The consequences are going to be dire. In Indiana the attorney general threatened to prosecute the doctor who performed an abortion on a 10-year-old rape victim from Ohio, where abortions after six weeks are banned even in cases of rape and incest. Under a Tennessee trigger law scheduled to go into effect August 25, abortion is a class C felony permissible only in cases in which the provider can prove the procedure was medically necessary to save a woman’s life. But that allowance does not extend to threats of suicide, self-harm, or “any reason relating to her mental health.” It’s not an abstract possibility that some women will die as a result of these bans.
Abortion access wasn’t always divisive. The crusade to litigate personhood at fertilization we’re witnessing now is a new political reality. And that fight, Harris warned, is going to have far-reaching implications for “just about everyone.”
“I think Clarence Thomas said the quiet part out loud,” Harris said in reference to the Supreme Court justice’s concurring opinion on the Dobbs ruling. “You’re looking at the Dobbs decision opening a door to a risk to the right to contraception. You’re looking at it opening a door to the right to marry the person you love. These are things very much at play based on what a justice on the Supreme Court wrote, much less what we know the analysis is and where that’s headed.”
But how exactly did we get here? In an interview with NPR’s Terry Gross, legal historian Mary Ziegler said it’s not so much about where progressives went wrong as where architects of the modern anti-choice movement went right. For decades anti-abortion mega-donors have been quietly working to refashion the Supreme Court with cold, hard cash and a determination to make judicial nominations a uniquely conservative focus. Clarence Thomas was the blueprint—someone who would be unafraid to make unpopular decisions, Ziegler explained. And now we’re seeing 50 years of money and strategy come to fruition.
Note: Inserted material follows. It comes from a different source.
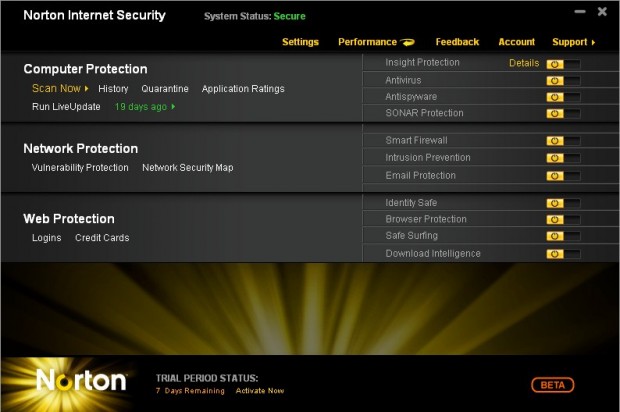 Norton Internet Security 2011 (Beta)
“When you look at these sources of these attacks on a woman’s right to choose, it is often the same place that is generating restrictions on voting rights,” Harris said. “It is often the same place generating an attack on LGBT people. So we’ve got to see the connections here and also see it as an opportunity to build coalitions around the groups who care about each of these issues, understanding that they have a lot in common.”
America is in its flop era, and frustrated constituents are understandably looking for someone to blame. Public confidence in the Supreme Court has plunged to an all-time low. Biden’s delayed response to the fall of Roe has left many unsure of his viability as a midterm candidate, much less a front-runner for reelection in 2024. It took two weeks for him to sign an executive order that is the functional equivalent of a weighted blanket. And at this point the president has been weighing the possibility of declaring an abortion-related public health emergency so long that it seems like monkeypox might get the nod first. Harris’s effort to meet with lawmakers on the front lines of abortion access is arguably the most substantive thing national leadership has done in the wake of sweeping state bans.
“In this election in 106 days, we need two more United States senators who are pro-choice,” Harris said of the upcoming midterm elections in November. “And when we have that, we can then have the pathway to allowing the president to do what he said would do and what he intends to do, which is to sign a law to protect a woman’s right to choose to make decisions about her body.”
In this political climate, the tired rhetoric of encouraging a disillusioned base to vote, vote, vote their way out of a direct attack on their fundamental rights isn’t going to be popular. But the legislative branch is still showing signs of life. A House bill bolstering (though not quite codifying) same-sex marriage passed last week with bipartisan support and a small chance of clearing the Senate.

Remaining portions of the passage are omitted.